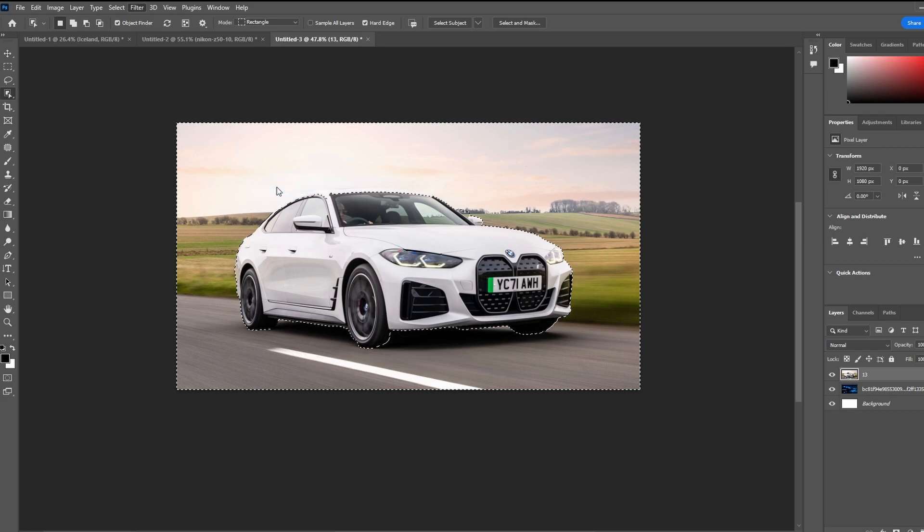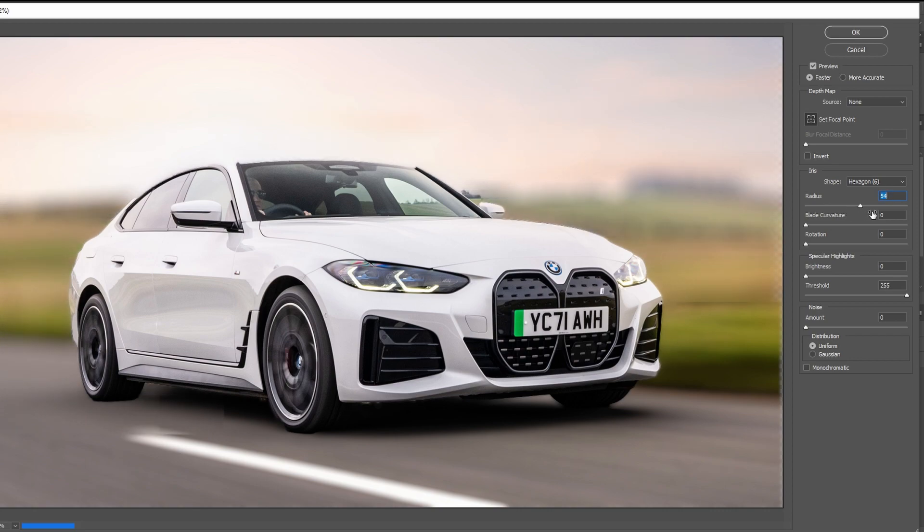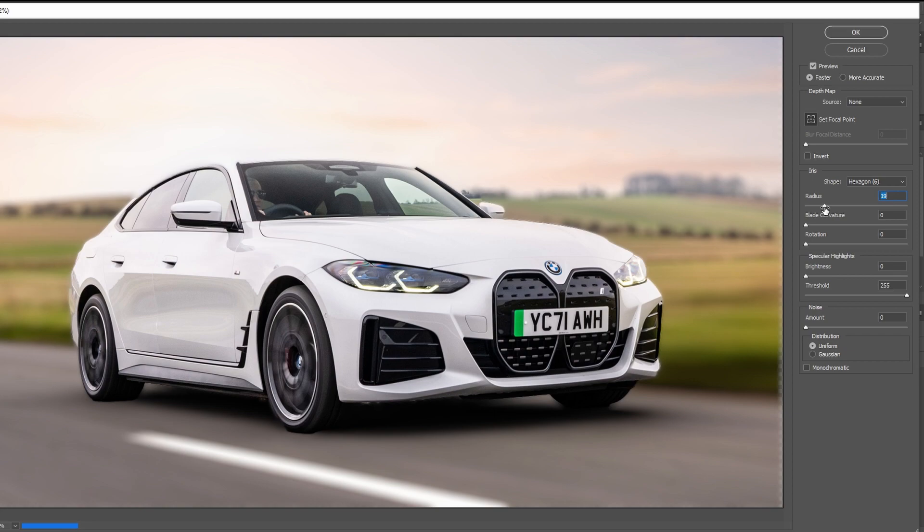In the Lens Blur settings, adjust the radius amount to control the intensity of the blur background. Click OK to confirm the changes and apply the background blur.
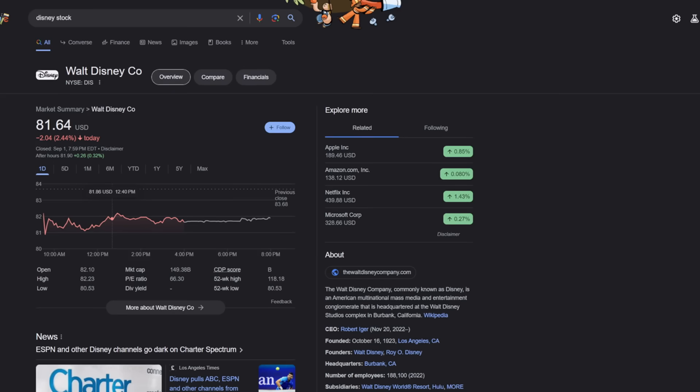Disney has not been having a very good year. It's been pretty hard for the House of Mouse. A lot of movies not performing very well.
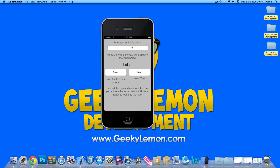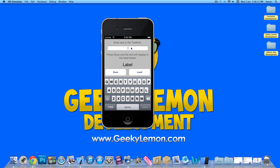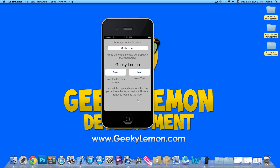What you do is enter text in the text field, and then press the done button to dismiss the keyboard. Once you've done that, it displays the text within the label.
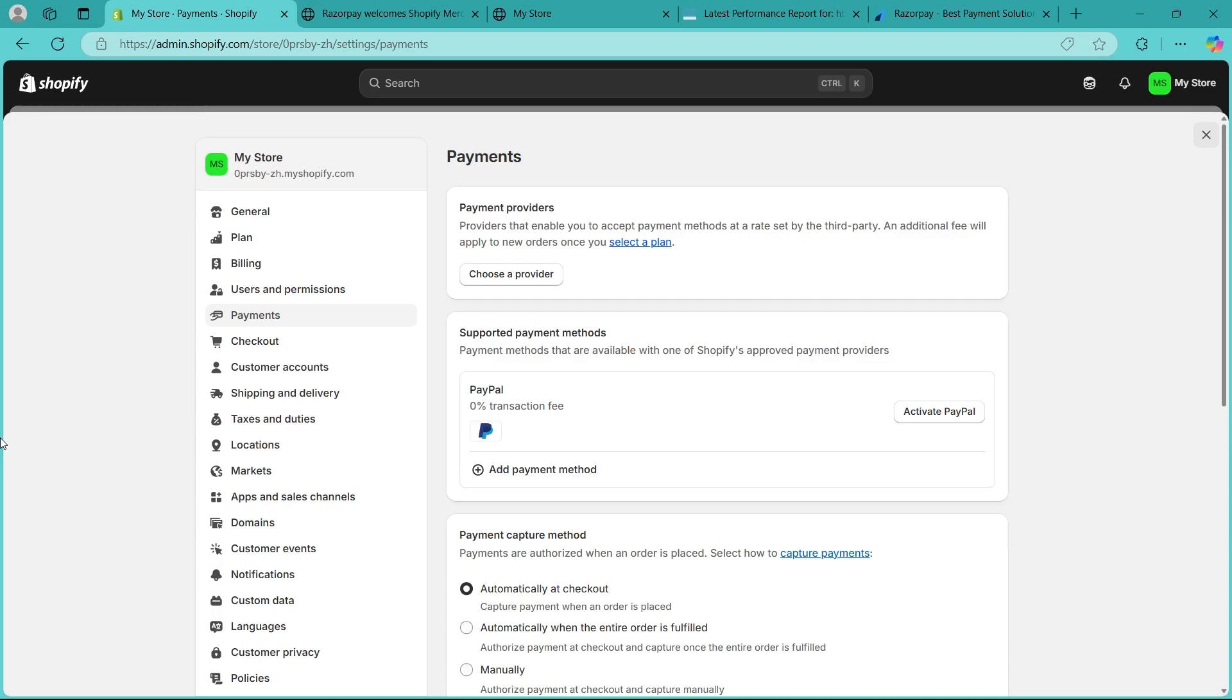Place a test order using a small amount. If payment fails, check Razorpay logs under dashboard and transaction. Contact Razorpay support for unresolved issues.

* **How to complete this task**
Repeat the data verbatim through the "Disney has not" line, no pictures.

* **Written reply**
In the Lens Blur settings, adjust the radius amount to control the intensity of the blur background. Click OK to confirm the changes and apply the background blur.
Disney has not been having a very good year. It's been pretty hard for the House of Mouse. A lot of movies not performing very well.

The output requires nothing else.